Notice: Seventh Circuit Rule 53(b)(2) States Unpublished Orders Shall Not Be Cited or Used As Precedent Except to Support a Claim of Res Judicata, Collateral Estoppel or Law of the Case in Any Federal Court Within the Circuit.united States of America, Plaintiff-appellee, v. Michael L. Lamon, A/k/a Michael L. Anthony, A/k/a Michael L.black, Defendant-appellant, 956 F.2d 273 (7th Cir. 1992)Annotate this Case
Appeal from the United States District Court for the Eastern District of Wisconsin, No. 89 CR 134, Thomas J. Curran, Judge.
E.D. Wis. [930 F.2d 1183, APPEAL AFTER REMAND.]
1Before CUMMINGS, CUDAHY, Circuit Judges, and WOOD, Jr., Senior Circuit Judge.
Michael Lynn Lamon appeals the application of a penalty enhancement to his sentence for a federal drug crime. We affirm the district court's decision.
Michael Lamon was sleeping with his girlfriend at his side and his Llama 9 mm. pearl grip pistol under his pillow when police executed a search warrant at his part-time residence. Officers found a gram scale, two pagers, a portable cellular telephone, more than four hundred dollars cash, and a small package containing more than three grams of cocaine. Subsequently, officers searched Lamon's car that was parked in front of the house. The car search turned up several kilograms of cocaine.2
The discovery of the cocaine in the car, although not the cocaine in the house, led to Lamon's indictment and conviction by a jury on three counts: (1) conspiracy to possess with intent to distribute in excess of five kilograms of cocaine, (2) possession of approximately three kilograms of cocaine with intent to distribute, and (3) knowingly using or carrying a firearm (the "pillow" pistol) during and in relation to a drug-trafficking crime. This court set aside the convictions on counts one and three. United States v. Lamon, 930 F.2d 1183 (7th Cir. 1991). Lamon was sentenced to 78 months imprisonment on count two, the possession charge. The district court increased Lamon's base offense level two notches because Lamon possessed the pistol in the house at the same time he constructively possessed the cocaine in the car. He appeals the enhancement, arguing that the district court wrongly applied the two-level increase in this situation.
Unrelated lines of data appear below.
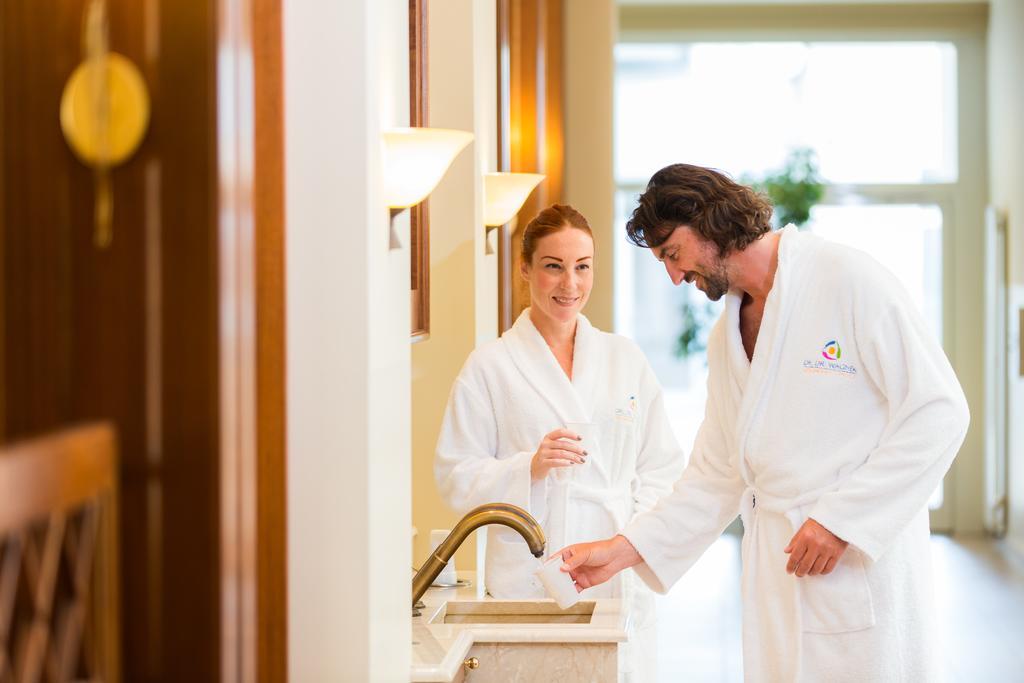 Gesundheitsresort Bad St. Leonhard 바트상크레온하드임라반탈 외부 사진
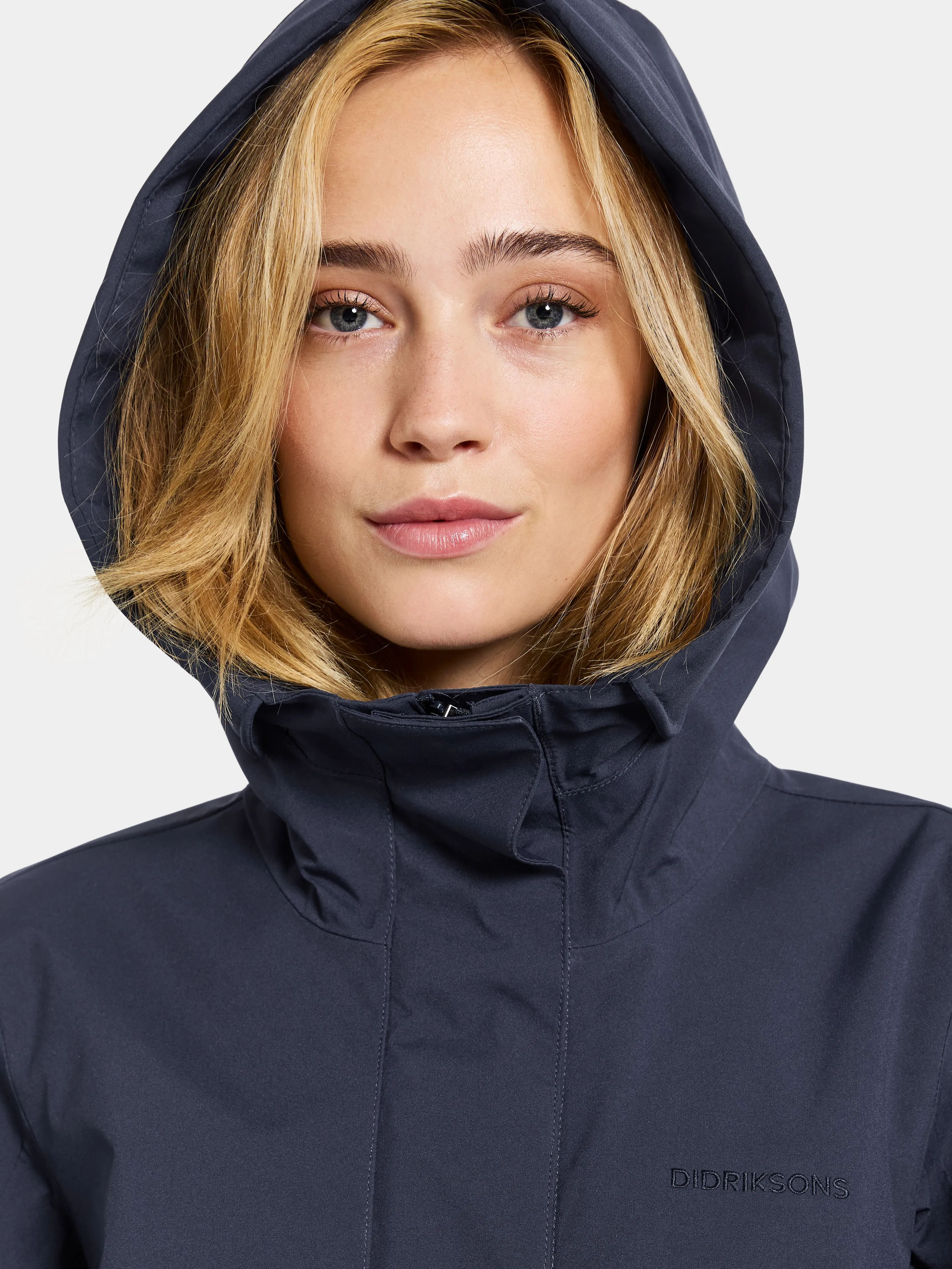 Didriksons Women&#x27;s Edith Parka Dark Night Blue | Buy Didriksons Women&#x27;s Edith Parka Dark Night Blue here | Outnorth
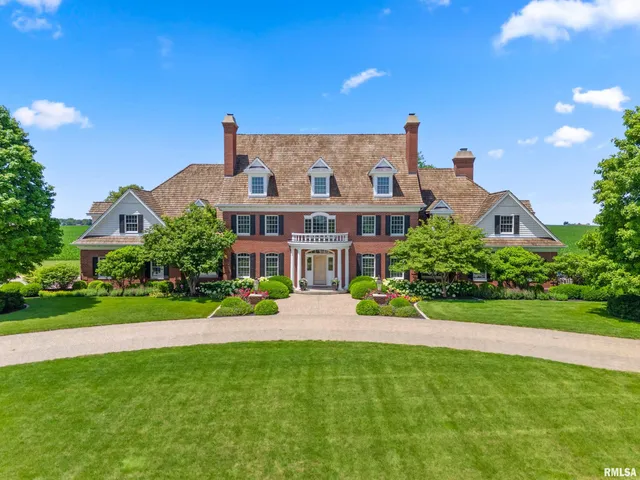 $1,595,000 | 18775 Unsicker Road, Groveland, IL 61535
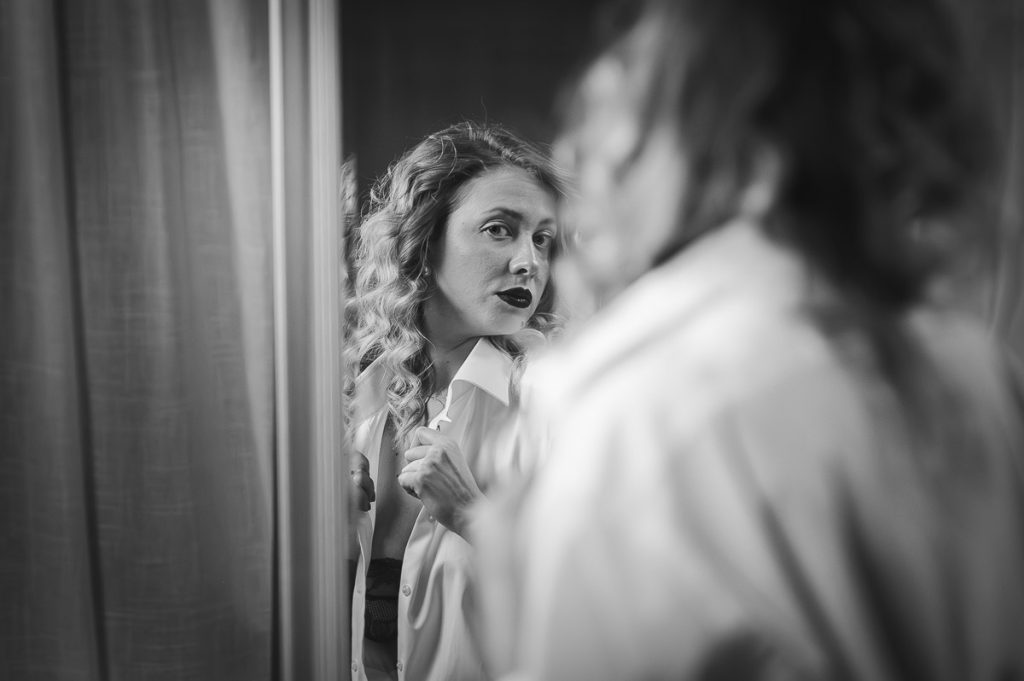 Schwarzweiß-Studioportrait: weibliche Formen im Spiegel – Eleganz und Vertrauen von Alexandru Bialis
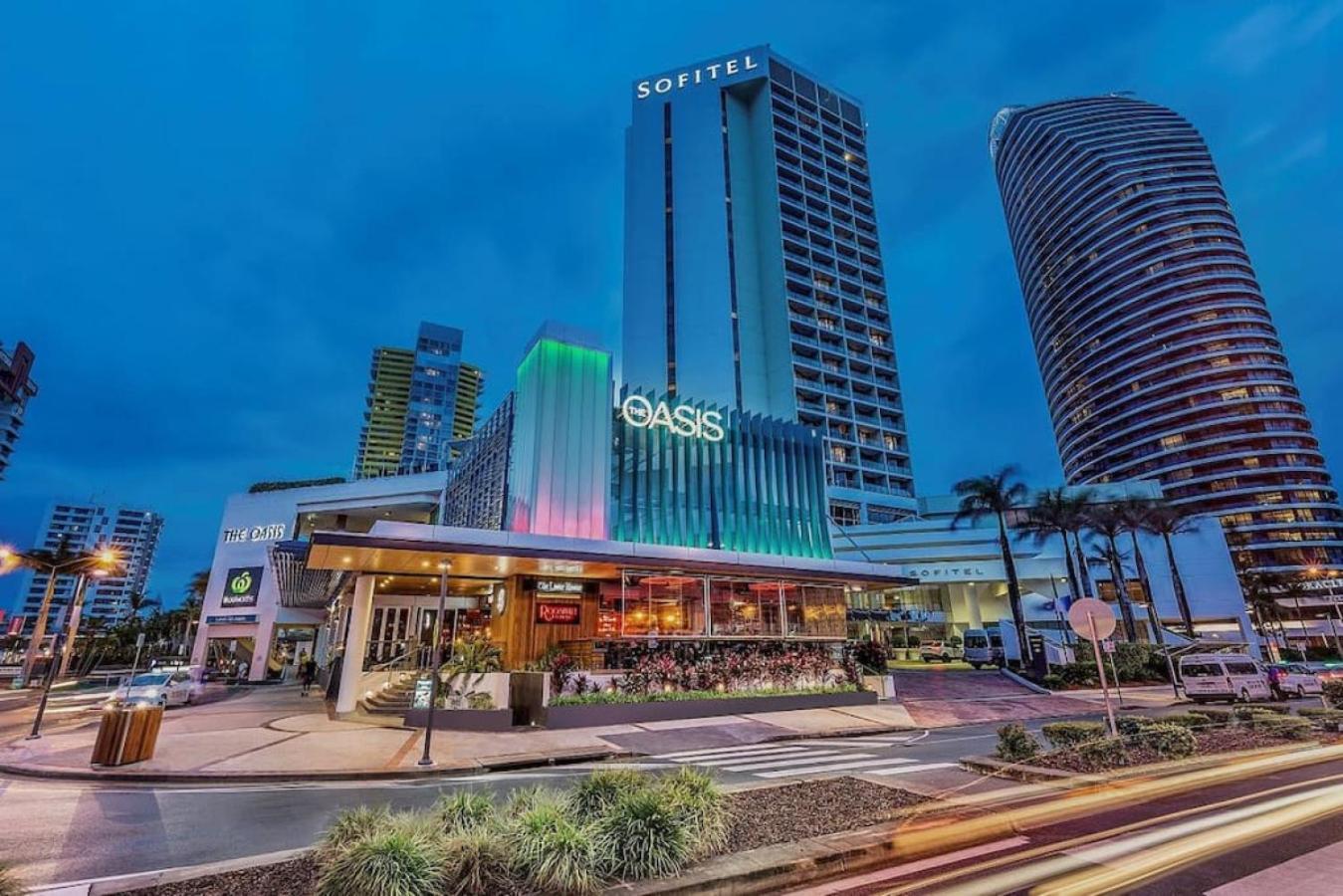 Ocean And River View Luxury 2bd With Prime Location *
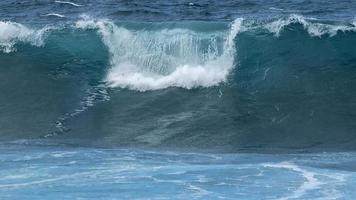 vagues dans l'océan atlantique photo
If a person possesses a dangerous weapon while committing a drug offense, the United States Sentencing Guidelines require that the person's base offense level be enhanced two levels. U.S.S.G § 2D1.1(b) (1) (1991). The court need only find by a preponderance of the evidence that the person possessed the dangerous weapon while committing the drug offense. United States v. Welch, 945 F.2d 1378, 1385 (7th Cir. 1991). "Possessing a dangerous weapon" for these purposes occurs when geographic and temporal proximity exists between the drugs involved in the underlying offense and the weapon. United States v. Edwards, 940 F.2d 1061, 1063-64 (7th Cir. 1991). A lack of proximity between the drugs and the weapon at the time of arrest is not dispositive whether the enhancement will apply. See United States v. Rush, 890 F.2d 45 (7th Cir. 1989); see also United States v. Rodriguez-Nuez, 919 F.2d 461 (7th Cir. 1990). "The adjustment should be applied if the weapon was present, unless it is clearly improbable that the weapon was connected with the offense." Commentary to U.S.S.G. § 2D1.1(b) (1) (1991).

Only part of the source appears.